# Panne PowerMac 7600 (bouton power)



## zaybacker (23 Juillet 2005)

Mon tout nouveau mais vieux power mac 7600 refuse de demarrer, la cause, le bouton power interne est casser, un ptit morceau noir de la taille d'un cavalier s'est detacher de son arceau de metal!!! Comment faire pour reparer? merci


----------



## xanadu (24 Juillet 2005)

zaybacker a dit:
			
		

> Mon tout nouveau mais vieux power mac 7600 refuse de demarrer, la cause, le bouton power interne est casser, un ptit morceau noir de la taille d'un cavalier s'est detacher de son arceau de metal!!! Comment faire pour reparer? merci


Bonjour 
C'est un modèle (de 1996) qui aura bientôt 10 ans 
Réparer peut-être ! mais il y a moyen de bricoler quelque chose ....
Voir un atelier "électronique" et pas spécialement du côté Apple
As-tu déjà tenté de trouver une astuce ?
Ou peut être trouver la même machine (hors services) rien que pour avoir la pièce en question.
Pourquoi pas une petite annonce ou bien même parmi les users mac...
Attendre  d'autres intervenants sur ce Forum


----------



## zebigbug (24 Juillet 2005)

zaybacker a dit:
			
		

> Mon tout nouveau mais vieux power mac 7600 refuse de demarrer, la cause, le bouton power interne est casser, un ptit morceau noir de la taille d'un cavalier s'est detacher de son arceau de metal!!! Comment faire pour reparer? merci


 
Ne t'ennuie pas en rachete en 1 , tu peux parfois trouver des cartes méres ou la machine compléte pas chére ...

Sinon le bouton noir que tu décris est un reset ..

Sinon tu peux aussi essayer de le ressouder , opération délicate a éviter si tu n'est pas éléctronicien .

LA procédure ..

demonte la carte mére 
essaye de remettre les pattes dans les trous 

essaye de faire souder ces deux pattes ...

et remonte la carte mére ..

faire un reset

allume le mac ...


----------



## zaybacker (24 Juillet 2005)

en fait il est encore garenti, je l'ai acheter sur macway, mais je l'ai ouvert pour voir ce qui allait pas et j'ai constaté que le bouton etait mort! j'ai po envi de leur renvoyer (15euro de port c'est lourd un power mac), soit donc le prix que j'ai l'ai acheter lol


----------



## zebigbug (24 Juillet 2005)

zaybacker a dit:
			
		

> en fait il est encore garenti, je l'ai acheter sur macway, mais je l'ai ouvert pour voir ce qui allait pas et j'ai constaté que le bouton etait mort! j'ai po envi de leur renvoyer (15euro de port c'est lourd un power mac), soit donc le prix que j'ai l'ai acheter lol




je vais etre vache , mais je suis content que tu l'ais acheté , car j'étais décidé à le faire et tu as été plus rapide ;-)

Mais bon je suis beau joueur , peux tu prendre une photo du reset ?

et me l'adresser en public ou en privé , je vais essayé de te trouver une astuce ..
Sinon sais tu que tu as un macway aussi a strasbourg ? c'est peut etre plus pres .. Sinin téléphone leur ou envoie un mail avec photo et essaye de négocier au moins un avoir ...


----------



## zaybacker (24 Juillet 2005)

c'est bon j'ai souder un bouton power de pc j'ai eu droit au jolie bruit de demarrage.

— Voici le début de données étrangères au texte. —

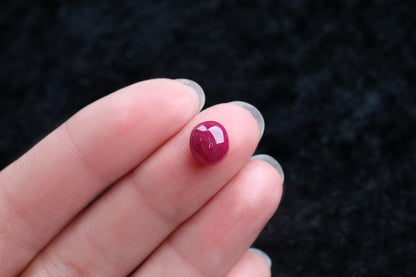 Ruby Cabochon Oval 2.8 ct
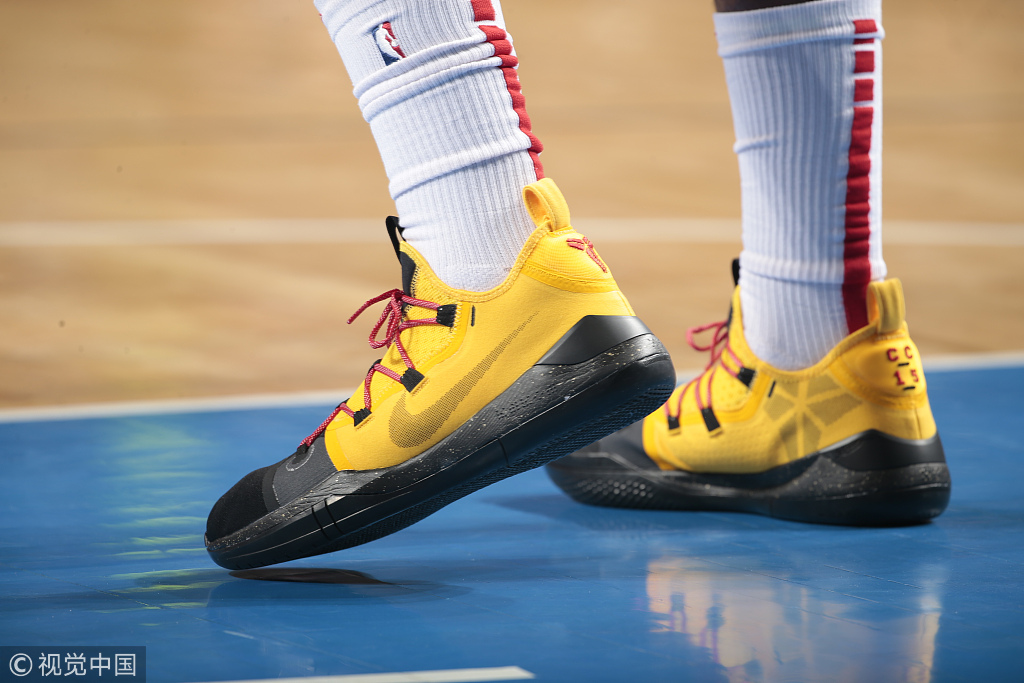 韦德的最新战靴,盘点nba上脚球鞋欧文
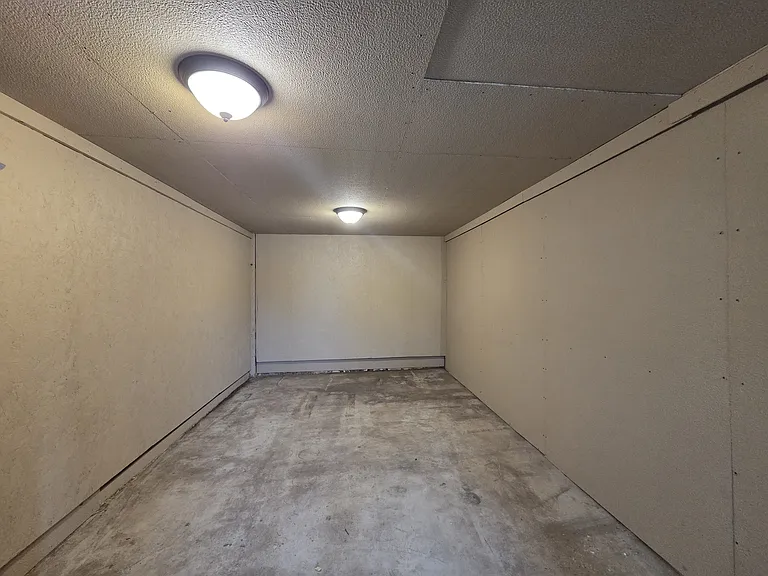 2963 Jones St — Photo 24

Il ne me reste plus qu'a creer l'adaptateur vga mac vers vga pc


----------



## zebigbug (24 Juillet 2005)

zaybacker a dit:
			
		

> c'est bon j'ai souder un bouton power de pc j'ai eu droit au jolie bruit de demarrage. Il ne me reste plus qu'a creer l'adaptateur vga mac vers vga pc



T'ennuie pas un écran Mac même un 17 pouces certains les donnent ..
Quand a l'adaptateur on e trouve parfois ...

Le mieux c'est de trouver une carte de type formac et de le brancher sur le port PCI , mais hélas ce type de carte ne marche pas avec MacOS X ...


----------



## SulliX (28 Juillet 2005)

Pas terrible alors les occasions MacWay .... :hein:

J'espère que tu as soudé à la place un poussoir et non un interrupteur, sinon ça va pas être pratique pour l'éteindre en cas de plantage...


----------